Outofhome placement

Generally, people move out of home either for support or for treatment, although the distinction is often blurred. Support

Respite placements allow both individuals and their families some relief from each other and the uninterrupted intimacy of care. Placements also widen social networks and pave the way towards the eventual departure from home.

Social care, eventually necessary, is ideally planned as part of an increasing, adult autonomy. However, it is frequently left until there is a crisis, for example when the person's behaviour or dependency has outstripped their family's resources, too often because of parental infirmity or death.

Placements for educational needs (e.g. in a residential school) become necessary where the person's disabilities (e.g. autism or intractable epilepsy) require specialist skills and settings.


The threshold for admission for assessment and treatment will depend on the level of care available in the community. It may becomes necessary for three main reasons.
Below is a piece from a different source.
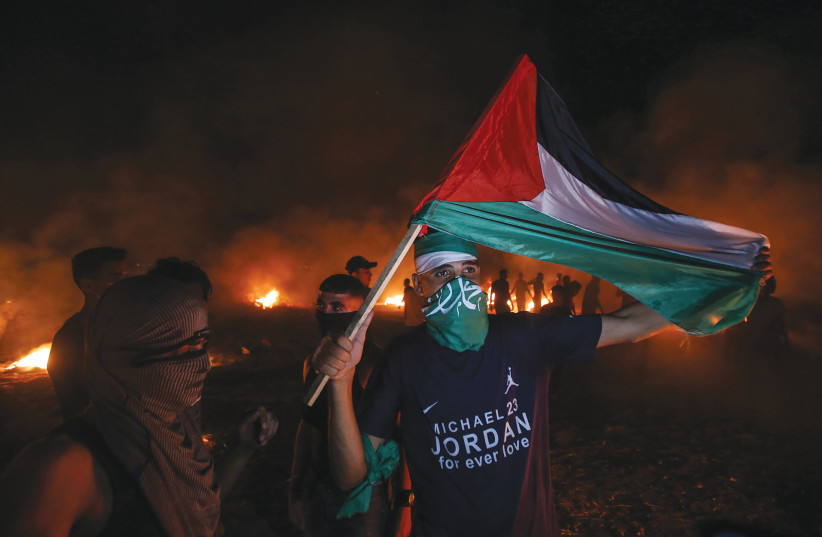  PALESTINIANS PROTEST near the border fence with Israel east of Gaza City. (credit: ATIA MOHAMMED/FLASH90)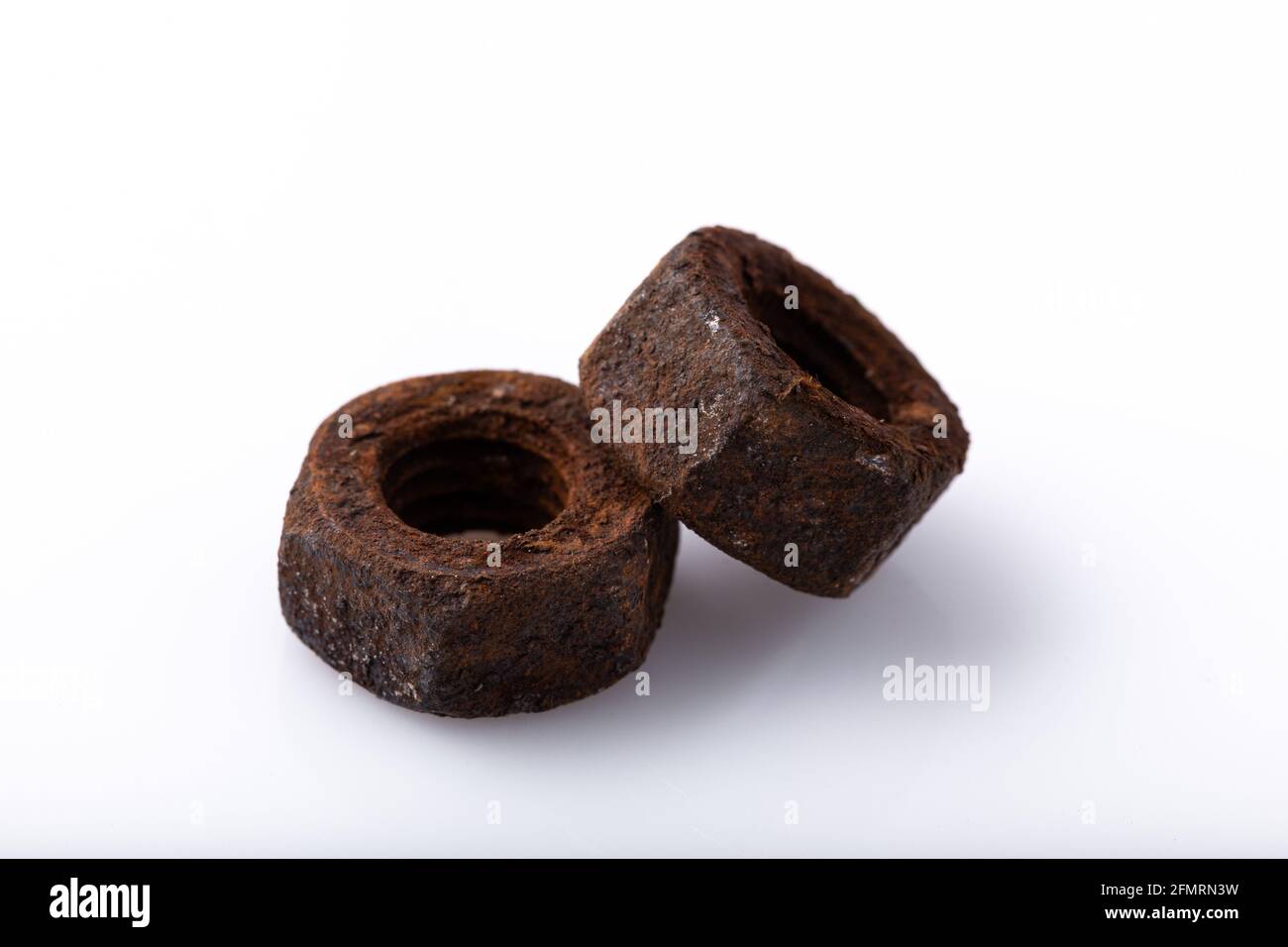 old rusty aged bolt, not usable, rusty item on white background  Stock Photo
First, admission may be necessary for the treatment of more complex disorders such as epilepsy or psychosis.

Second, admission may be necessary for the assessment of disturbance where it is difficult to disentangle the relative contributions of environmental and innate factors. For example, a patient's behaviour may be amplified by an exasperated or exhausted family, particularly where disturbed nights have left them short of sleep. The result is a secondary self-perpetuating cycle of disturbance involving the whole house. While this is running it can be impossible to discern the underlying primary disturbance and can be very difficult to interrupt except by changing the cast around the patient, either by moving staff into the home or by moving the patient out.

Third, admission may be necessary for the management of behavioural disturbance in the following circumstances.

1. The carers may be unable to cope for many reasons including the following:

marital disharmony

• the carer's inability to manage others simultaneously, for example single parents who have several children or a placement with several disturbed children

• loss of resilience in the carer

• an adverse or hostile neighbourhood where the carer has to give way in case the patient becomes so noisy that the neighbours complain, or the patient may be the victim of bullying or be led astray by his or her peers.

2. There has been a failure of earlier therapeutic trials and the family is locked in a self-reinforcing cycle.

3. The patient is at risk of harm.

4. The patient presents a substantial risk to others, for example where the person is very violent or is a sexual offender.

5. There is the need for effective control of the patient and his or her behaviour.